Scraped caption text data
'''

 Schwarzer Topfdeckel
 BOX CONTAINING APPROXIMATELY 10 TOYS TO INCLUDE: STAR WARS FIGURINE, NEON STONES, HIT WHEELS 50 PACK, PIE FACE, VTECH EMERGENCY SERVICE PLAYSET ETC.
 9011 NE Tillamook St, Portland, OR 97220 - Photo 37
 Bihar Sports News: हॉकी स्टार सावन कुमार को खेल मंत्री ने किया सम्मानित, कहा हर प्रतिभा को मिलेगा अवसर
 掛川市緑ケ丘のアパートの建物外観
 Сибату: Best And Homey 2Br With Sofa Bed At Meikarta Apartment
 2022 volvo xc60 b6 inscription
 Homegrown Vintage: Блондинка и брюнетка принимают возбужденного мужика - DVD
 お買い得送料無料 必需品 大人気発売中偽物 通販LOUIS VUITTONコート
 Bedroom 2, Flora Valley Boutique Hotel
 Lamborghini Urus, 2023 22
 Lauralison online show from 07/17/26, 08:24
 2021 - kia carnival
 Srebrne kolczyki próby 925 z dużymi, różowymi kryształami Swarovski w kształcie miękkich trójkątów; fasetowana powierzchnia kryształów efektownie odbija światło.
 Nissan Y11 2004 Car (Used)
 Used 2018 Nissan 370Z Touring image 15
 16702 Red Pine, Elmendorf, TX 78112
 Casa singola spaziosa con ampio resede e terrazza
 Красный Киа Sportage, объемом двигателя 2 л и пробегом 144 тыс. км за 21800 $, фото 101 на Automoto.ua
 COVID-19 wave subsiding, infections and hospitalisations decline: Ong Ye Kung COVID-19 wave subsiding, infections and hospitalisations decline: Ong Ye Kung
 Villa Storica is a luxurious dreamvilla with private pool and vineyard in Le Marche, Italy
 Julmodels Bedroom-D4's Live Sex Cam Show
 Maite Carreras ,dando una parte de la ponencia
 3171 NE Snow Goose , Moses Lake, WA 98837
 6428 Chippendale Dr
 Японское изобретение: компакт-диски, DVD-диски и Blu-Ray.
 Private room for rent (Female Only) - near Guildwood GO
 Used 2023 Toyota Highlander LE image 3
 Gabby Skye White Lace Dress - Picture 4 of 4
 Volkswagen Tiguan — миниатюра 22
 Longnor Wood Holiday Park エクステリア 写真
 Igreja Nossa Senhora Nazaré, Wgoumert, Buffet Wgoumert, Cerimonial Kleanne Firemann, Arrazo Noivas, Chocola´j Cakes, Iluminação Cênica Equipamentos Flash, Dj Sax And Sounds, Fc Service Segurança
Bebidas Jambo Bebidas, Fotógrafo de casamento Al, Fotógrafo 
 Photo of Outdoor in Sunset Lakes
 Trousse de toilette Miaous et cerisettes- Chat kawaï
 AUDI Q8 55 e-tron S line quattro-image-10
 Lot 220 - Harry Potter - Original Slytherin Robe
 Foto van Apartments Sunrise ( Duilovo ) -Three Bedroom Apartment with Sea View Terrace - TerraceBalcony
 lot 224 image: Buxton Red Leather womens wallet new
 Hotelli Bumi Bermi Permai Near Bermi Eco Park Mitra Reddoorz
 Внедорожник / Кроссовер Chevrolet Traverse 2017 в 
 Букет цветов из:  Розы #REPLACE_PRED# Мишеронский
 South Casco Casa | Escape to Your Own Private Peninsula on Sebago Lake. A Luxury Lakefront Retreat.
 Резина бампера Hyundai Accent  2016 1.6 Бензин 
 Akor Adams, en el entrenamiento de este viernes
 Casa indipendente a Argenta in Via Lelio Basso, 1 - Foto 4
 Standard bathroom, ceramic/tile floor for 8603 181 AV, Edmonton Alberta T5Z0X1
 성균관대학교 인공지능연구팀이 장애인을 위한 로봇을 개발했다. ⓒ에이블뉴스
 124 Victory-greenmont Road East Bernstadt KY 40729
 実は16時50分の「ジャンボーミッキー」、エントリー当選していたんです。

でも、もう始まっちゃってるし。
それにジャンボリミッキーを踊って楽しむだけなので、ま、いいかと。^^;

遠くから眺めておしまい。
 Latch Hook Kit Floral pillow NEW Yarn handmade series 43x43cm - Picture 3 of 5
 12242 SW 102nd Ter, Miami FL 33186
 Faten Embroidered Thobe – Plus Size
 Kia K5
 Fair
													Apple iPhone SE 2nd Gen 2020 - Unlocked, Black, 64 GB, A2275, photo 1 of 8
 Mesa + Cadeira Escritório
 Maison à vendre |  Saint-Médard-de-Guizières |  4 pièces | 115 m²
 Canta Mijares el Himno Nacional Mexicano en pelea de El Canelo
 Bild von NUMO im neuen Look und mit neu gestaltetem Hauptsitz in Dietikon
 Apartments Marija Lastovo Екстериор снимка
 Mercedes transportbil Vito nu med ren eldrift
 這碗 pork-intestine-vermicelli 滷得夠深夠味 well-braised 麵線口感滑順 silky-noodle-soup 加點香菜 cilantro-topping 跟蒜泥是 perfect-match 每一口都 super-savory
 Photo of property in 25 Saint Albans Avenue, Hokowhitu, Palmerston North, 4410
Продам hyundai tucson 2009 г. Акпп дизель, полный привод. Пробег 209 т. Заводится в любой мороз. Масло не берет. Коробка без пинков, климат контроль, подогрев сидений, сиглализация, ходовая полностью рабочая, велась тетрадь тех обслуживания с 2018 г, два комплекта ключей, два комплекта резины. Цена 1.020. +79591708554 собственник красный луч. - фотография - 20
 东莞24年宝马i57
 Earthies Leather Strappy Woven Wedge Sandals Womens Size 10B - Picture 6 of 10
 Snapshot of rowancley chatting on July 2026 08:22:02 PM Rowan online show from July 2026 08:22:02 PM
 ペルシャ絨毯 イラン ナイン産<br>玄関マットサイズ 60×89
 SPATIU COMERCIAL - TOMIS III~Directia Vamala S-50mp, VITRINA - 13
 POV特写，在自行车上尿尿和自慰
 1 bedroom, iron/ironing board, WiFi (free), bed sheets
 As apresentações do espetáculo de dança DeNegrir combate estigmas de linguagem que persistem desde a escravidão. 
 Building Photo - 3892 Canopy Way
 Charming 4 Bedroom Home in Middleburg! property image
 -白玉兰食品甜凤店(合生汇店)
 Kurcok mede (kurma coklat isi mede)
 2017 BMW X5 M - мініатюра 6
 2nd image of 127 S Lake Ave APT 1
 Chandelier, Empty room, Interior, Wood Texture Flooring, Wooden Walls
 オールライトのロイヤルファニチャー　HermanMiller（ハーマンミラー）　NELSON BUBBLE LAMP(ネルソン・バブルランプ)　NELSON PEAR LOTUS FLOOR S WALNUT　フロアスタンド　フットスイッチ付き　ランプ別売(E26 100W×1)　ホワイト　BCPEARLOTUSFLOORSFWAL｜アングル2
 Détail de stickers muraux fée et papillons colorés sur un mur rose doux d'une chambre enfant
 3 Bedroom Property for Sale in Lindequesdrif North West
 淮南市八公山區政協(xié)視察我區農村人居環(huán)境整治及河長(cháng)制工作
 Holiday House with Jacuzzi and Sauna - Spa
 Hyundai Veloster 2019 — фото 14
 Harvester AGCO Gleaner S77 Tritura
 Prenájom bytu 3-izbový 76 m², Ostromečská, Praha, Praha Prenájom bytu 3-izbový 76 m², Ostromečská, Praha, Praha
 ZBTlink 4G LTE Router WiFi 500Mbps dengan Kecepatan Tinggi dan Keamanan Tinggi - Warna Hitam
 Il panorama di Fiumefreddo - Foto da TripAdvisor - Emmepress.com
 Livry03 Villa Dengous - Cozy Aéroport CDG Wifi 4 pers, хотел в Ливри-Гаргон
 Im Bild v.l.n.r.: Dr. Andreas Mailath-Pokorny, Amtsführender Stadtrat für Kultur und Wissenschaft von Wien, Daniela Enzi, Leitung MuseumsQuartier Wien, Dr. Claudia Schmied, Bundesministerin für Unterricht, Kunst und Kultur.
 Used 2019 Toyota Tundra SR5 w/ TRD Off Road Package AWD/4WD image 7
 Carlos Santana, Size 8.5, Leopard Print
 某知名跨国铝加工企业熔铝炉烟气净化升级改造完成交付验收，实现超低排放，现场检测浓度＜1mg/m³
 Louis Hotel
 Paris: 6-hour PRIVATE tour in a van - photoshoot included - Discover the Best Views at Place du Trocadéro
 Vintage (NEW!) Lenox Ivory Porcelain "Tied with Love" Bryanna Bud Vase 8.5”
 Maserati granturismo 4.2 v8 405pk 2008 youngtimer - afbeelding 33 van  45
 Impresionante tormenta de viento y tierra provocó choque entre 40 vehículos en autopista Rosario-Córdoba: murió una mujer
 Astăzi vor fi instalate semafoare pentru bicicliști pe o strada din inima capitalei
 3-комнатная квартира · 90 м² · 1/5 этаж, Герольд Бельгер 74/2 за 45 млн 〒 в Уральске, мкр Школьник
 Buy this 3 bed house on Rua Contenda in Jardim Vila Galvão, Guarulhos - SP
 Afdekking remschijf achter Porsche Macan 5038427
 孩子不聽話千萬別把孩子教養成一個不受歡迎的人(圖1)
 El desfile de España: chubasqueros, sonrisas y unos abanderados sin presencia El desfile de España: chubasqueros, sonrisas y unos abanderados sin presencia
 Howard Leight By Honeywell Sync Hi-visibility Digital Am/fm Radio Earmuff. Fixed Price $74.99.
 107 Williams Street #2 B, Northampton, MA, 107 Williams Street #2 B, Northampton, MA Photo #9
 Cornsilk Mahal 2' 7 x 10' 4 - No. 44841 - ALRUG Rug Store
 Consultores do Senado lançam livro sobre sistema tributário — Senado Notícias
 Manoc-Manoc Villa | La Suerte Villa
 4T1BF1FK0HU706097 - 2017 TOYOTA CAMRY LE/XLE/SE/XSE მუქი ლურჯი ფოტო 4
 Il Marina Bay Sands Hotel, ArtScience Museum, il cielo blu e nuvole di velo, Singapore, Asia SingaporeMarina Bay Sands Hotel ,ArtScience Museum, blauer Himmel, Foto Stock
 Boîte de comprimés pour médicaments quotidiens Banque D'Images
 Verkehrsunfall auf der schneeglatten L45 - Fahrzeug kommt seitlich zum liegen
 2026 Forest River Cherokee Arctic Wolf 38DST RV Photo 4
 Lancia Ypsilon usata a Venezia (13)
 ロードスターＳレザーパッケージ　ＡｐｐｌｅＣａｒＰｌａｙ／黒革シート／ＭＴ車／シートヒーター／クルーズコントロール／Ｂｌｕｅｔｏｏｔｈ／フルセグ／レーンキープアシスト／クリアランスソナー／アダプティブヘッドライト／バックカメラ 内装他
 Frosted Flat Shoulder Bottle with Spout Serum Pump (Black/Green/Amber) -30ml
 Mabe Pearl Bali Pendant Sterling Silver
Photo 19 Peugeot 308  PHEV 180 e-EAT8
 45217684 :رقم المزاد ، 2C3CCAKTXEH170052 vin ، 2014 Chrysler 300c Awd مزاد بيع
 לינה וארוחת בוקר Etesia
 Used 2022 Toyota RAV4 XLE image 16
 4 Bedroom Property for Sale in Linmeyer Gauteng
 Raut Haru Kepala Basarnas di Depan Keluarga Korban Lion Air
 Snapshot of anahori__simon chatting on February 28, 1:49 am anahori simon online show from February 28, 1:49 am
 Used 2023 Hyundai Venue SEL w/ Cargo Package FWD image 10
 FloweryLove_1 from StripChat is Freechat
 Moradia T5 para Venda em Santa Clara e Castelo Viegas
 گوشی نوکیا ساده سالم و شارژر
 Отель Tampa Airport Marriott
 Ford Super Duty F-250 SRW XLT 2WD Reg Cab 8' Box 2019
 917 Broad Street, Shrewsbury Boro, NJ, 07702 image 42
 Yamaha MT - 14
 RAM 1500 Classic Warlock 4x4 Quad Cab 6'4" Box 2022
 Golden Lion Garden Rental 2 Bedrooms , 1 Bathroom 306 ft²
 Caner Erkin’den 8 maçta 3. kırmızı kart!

'''

Task requirements - Every line above from the line with "Livry03 Villa Dengous" to the line with "Buy this 3 bed", inclusive, must be returned exactly; no other line belongs in the reply.

Solution to the problem -
 Livry03 Villa Dengous - Cozy Aéroport CDG Wifi 4 pers, хотел в Ливри-Гаргон
 Im Bild v.l.n.r.: Dr. Andreas Mailath-Pokorny, Amtsführender Stadtrat für Kultur und Wissenschaft von Wien, Daniela Enzi, Leitung MuseumsQuartier Wien, Dr. Claudia Schmied, Bundesministerin für Unterricht, Kunst und Kultur.
 Used 2019 Toyota Tundra SR5 w/ TRD Off Road Package AWD/4WD image 7
 Carlos Santana, Size 8.5, Leopard Print
 某知名跨国铝加工企业熔铝炉烟气净化升级改造完成交付验收，实现超低排放，现场检测浓度＜1mg/m³
 Louis Hotel
 Paris: 6-hour PRIVATE tour in a van - photoshoot included - Discover the Best Views at Place du Trocadéro
 Vintage (NEW!) Lenox Ivory Porcelain "Tied with Love" Bryanna Bud Vase 8.5”
 Maserati granturismo 4.2 v8 405pk 2008 youngtimer - afbeelding 33 van  45
 Impresionante tormenta de viento y tierra provocó choque entre 40 vehículos en autopista Rosario-Córdoba: murió una mujer
 Astăzi vor fi instalate semafoare pentru bicicliști pe o strada din inima capitalei
 3-комнатная квартира · 90 м² · 1/5 этаж, Герольд Бельгер 74/2 за 45 млн 〒 в Уральске, мкр Школьник
 Buy this 3 bed house on Rua Contenda in Jardim Vila Galvão, Guarulhos - SP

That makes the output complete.